А впрочем, попадались и в самом деле удачные костюмы,
например, Генриха Третьего с его миньонами
[10]. Генрихом нарядился, накрасив
глаза и губы, навесив на себя женские серьги и ожерелья, сын хозяина дома, а
миньонов старательно изображали его юные друзья — целовались с «королем»,
принимали сладострастные позы, приставали к другим мужчинам… И никого, кроме
Алены и Марины, это, такое впечатление, не шокировало, все помирали со смеху,
когда на колени к какому-нибудь добропорядочному буржуа взбирался хорошенький
мальчик и принимался его лобзать. Французы мало того, что терпимы, — они очень
любят всякую игру и моментально в нее включаются, принимают все ее правила и
ничуть не боятся показаться в смешном свете, если правила игры того требуют.
Миньоны, кажется, с большим или меньшим успехом поприставали чуть не ко всем
мужчинам, обходя только невысокого, очень дерзкого парня с конским хвостом,
одетого в широченные штаны до колен, чулки, туфли с загнутыми носами и колет.

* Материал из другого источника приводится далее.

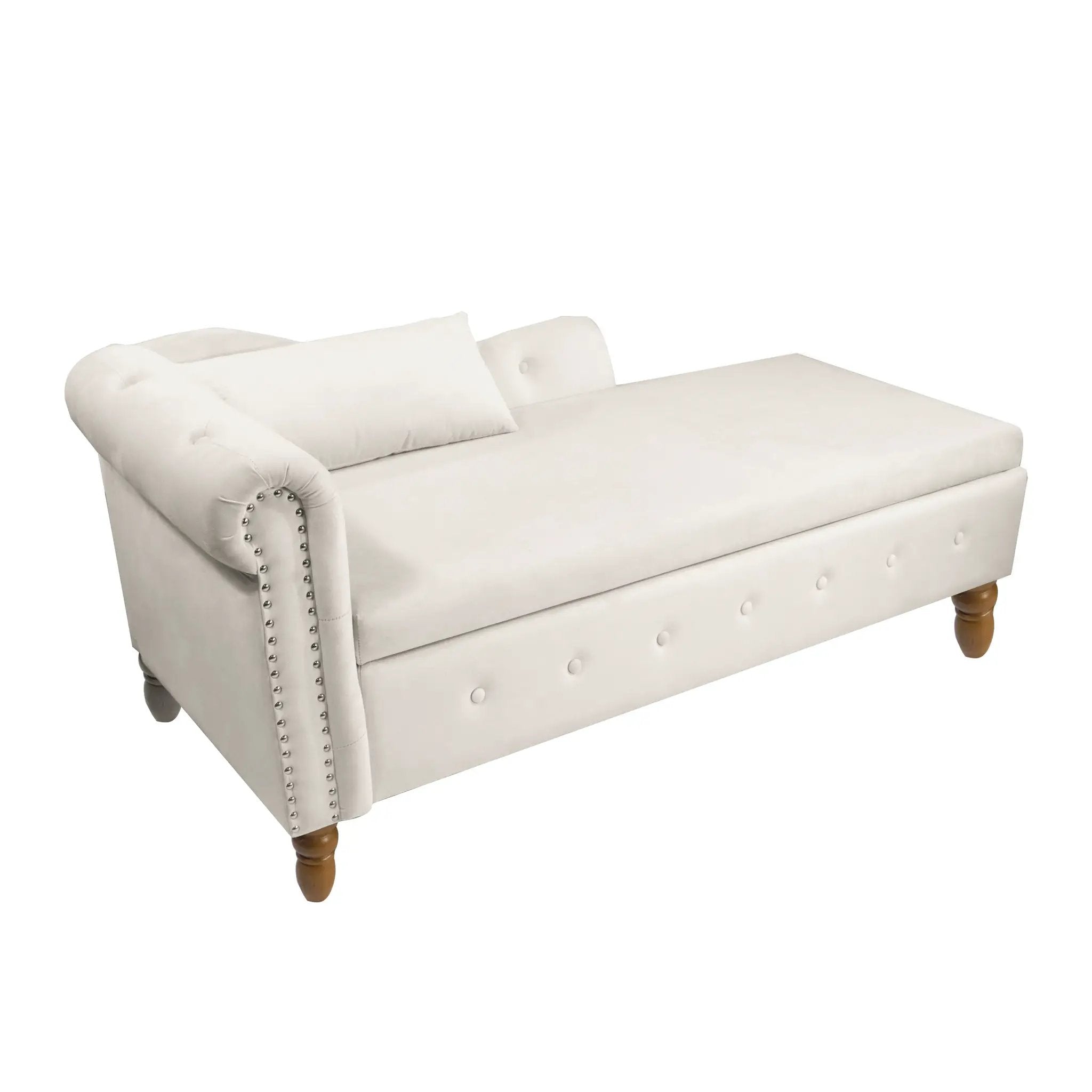 Beige Chaise Lounge Indoor - Velvet Lounge Chair for Bedroom by HouseOfZazla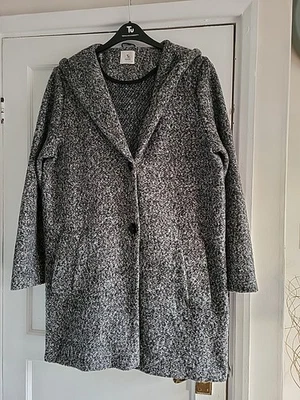 Tu Grey Size 14 Long Wool Cardigan Jacket With Hood - Image 1 of 4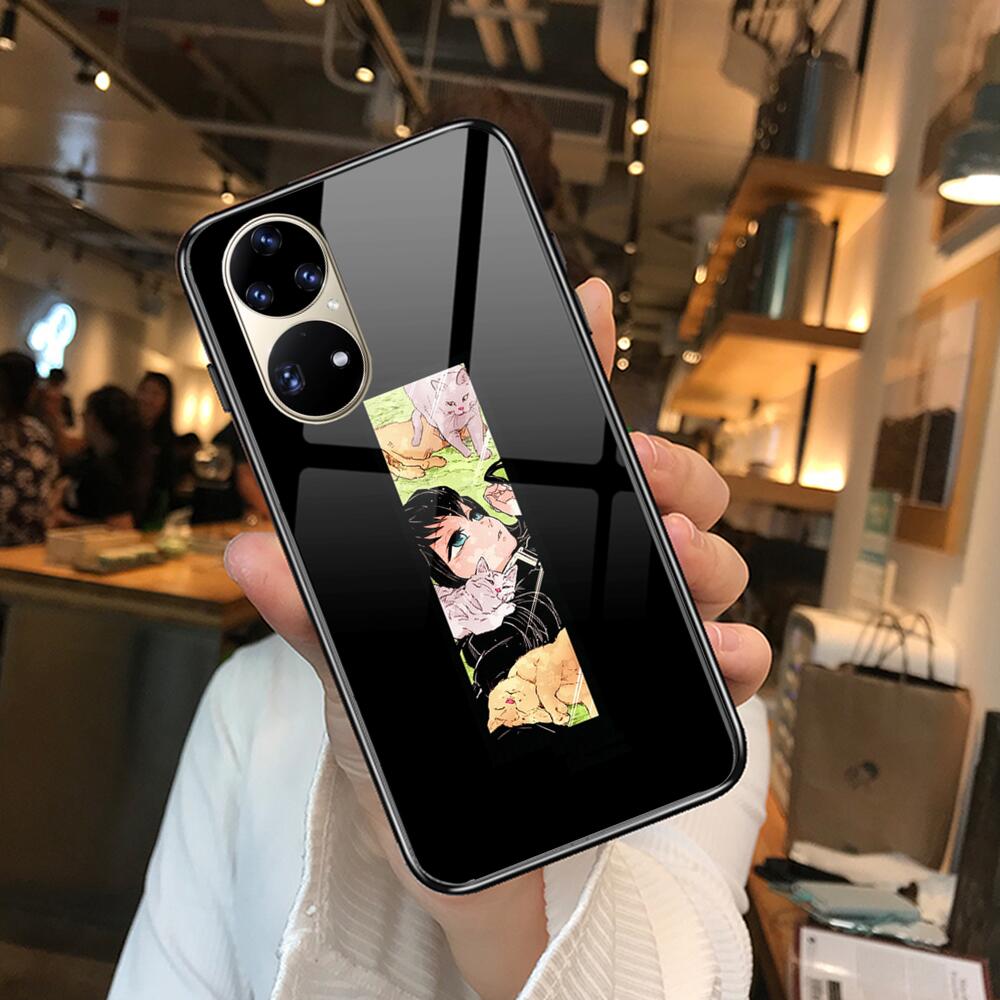 Kamado Nezuko Kimetsu No Yaiba Demon Slayer TPU Weich Gehärtetes Glas Handyhülle Hülle für Huawei P40 Pro lite 5G P30 P Smart Z 20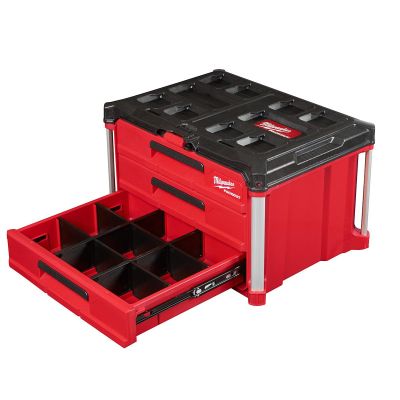 MLW48-22-8443 image(0) - Milwaukee Tool PACKOUT 3-Drawer Tool Box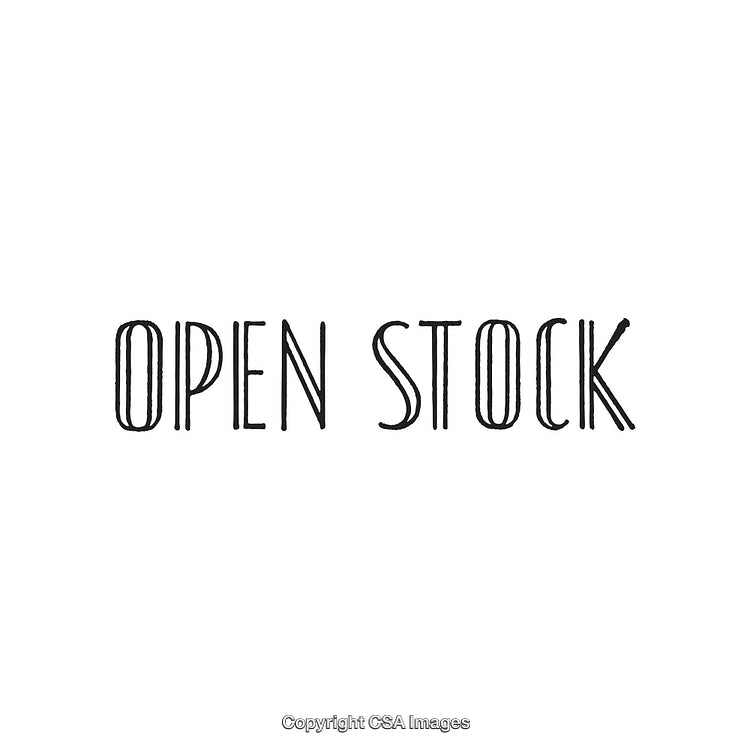 Minimalist Black Text Reading Open Stock on White Background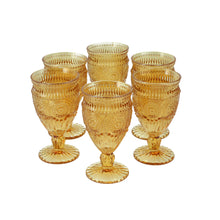 Set 6 Copas Vidrio Flores  Ámbar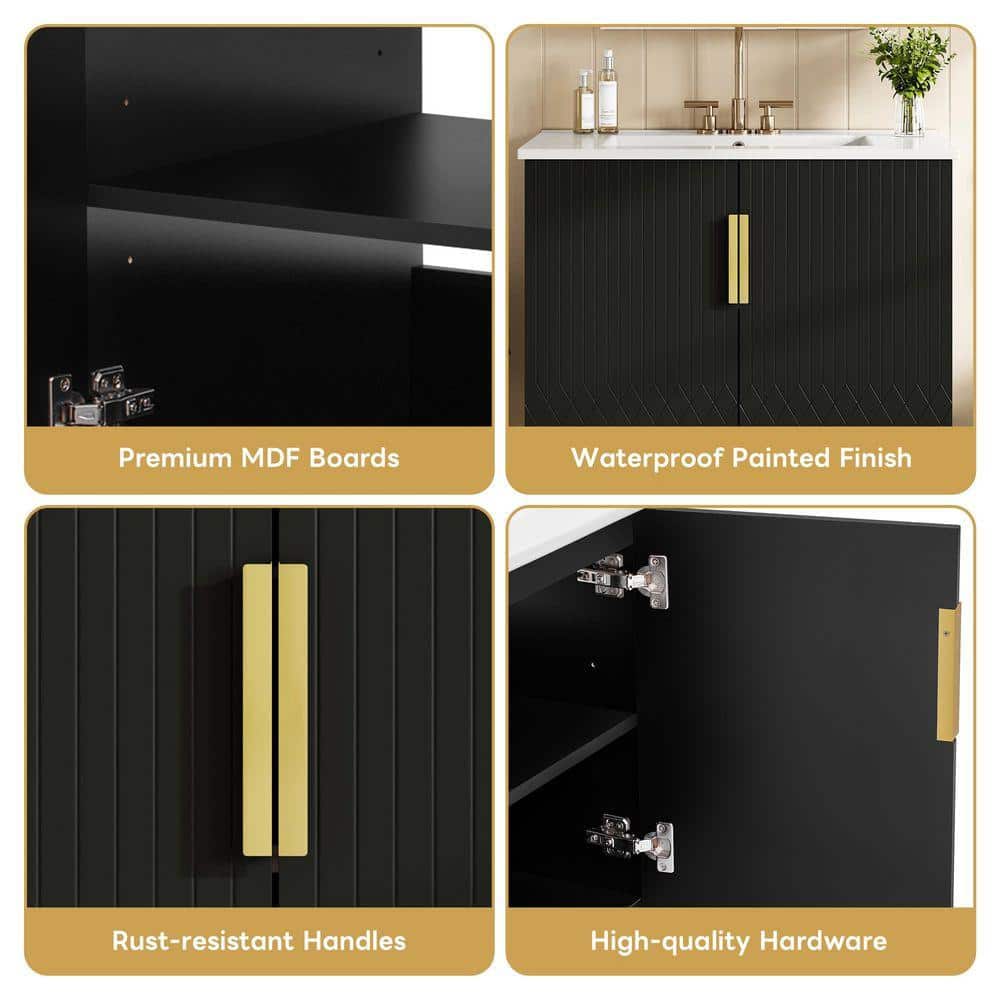 COWLOWN 30 in. W x 18.5 in. D x 20.1 in. H Bathroom Black Linen Cabinet (3)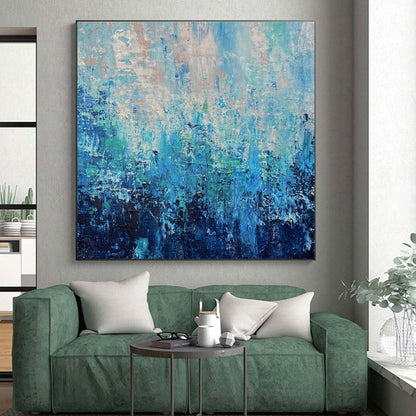 Oversized Abstract Wall Art in Shades of Blue and Teal, Hand-Painted Acrylic PT289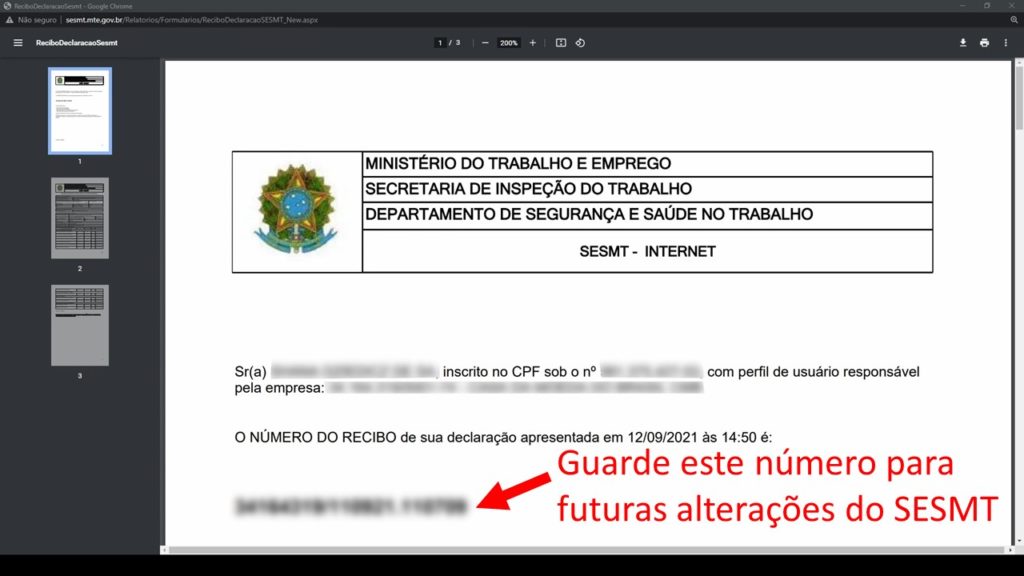 como-registrar-o-sesmt-número-do-recibo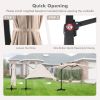 9.5 Feet Cantilever Patio Umbrella with 360° Rotation and Double Top - Beige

Морис сообщил, что его на самом деле зовут Бенедикт, он Морису кузен и
изображает то ли Меркуцио, друга знаменитого Ромео, то ли Тибальда, его же
смертельного врага. Ромео не было, Джульетты — тоже, а жена Бенедикта,
хорошенькая немочка, была наряжена в платье неведомой эпохи: перехваченное под
грудью, с буфами на рукавах, с прорезями ниже талии, в которых сквозили ее
длинные ножки (нижних юбок она, по случаю жары и из кокетства, надевать не
стала). Очень понравился Алене костюм испанской принцессы — мантилья из дорогих
старинных кружев цвета слоновой кости, настоящий черепаховый гребень в
прическе, черное платье с фижмами, перчатки, костяной веер, который громко
клацал пластинами, когда «принцесса» его складывала… Лицо девушки сверху было
скрыто кружевом мантильи, снизу — кружевом вуали, и между полосами кружев светились
только синие, полные нескрываемой тоски глаза. Девушка неподвижно сидела в
кресле, расправив широченные юбки, к ней все постоянно подходили, улыбались,
пытались заговорить, но она отмалчивалась, с нетерпением глядя на ворота
усадьбы, словно кого-то ждала. Может быть, какого-нибудь опаздывающего гостя?
На взгляд Алены, их и так было слишком много!
Здесь никто никого ни с кем не знакомил, все воспринимали
друг друга и происходящее как должное, хотели — разговаривали, не хотели — ели
и пили, отдавая должное мастерству хозяйки. А та, в костюме бургундской
крестьянки (вот такой же Сильви забыла надеть по милости своей кошки, вернее,
своей русской гостьи), красная, возбужденная, носилась туда-сюда с подносами,
разнося домашние яства: немыслимые канапе неведомо с чем, но определенно с
чем-то райским, судя по вкусу; чернослив, запеченный с сыром; домашнюю колбасу,
паштеты, ну и всякое такое, чему все отдавали должное, снова и снова запивая
эту вкусноту вином, красным или белым, кому какое нравилось.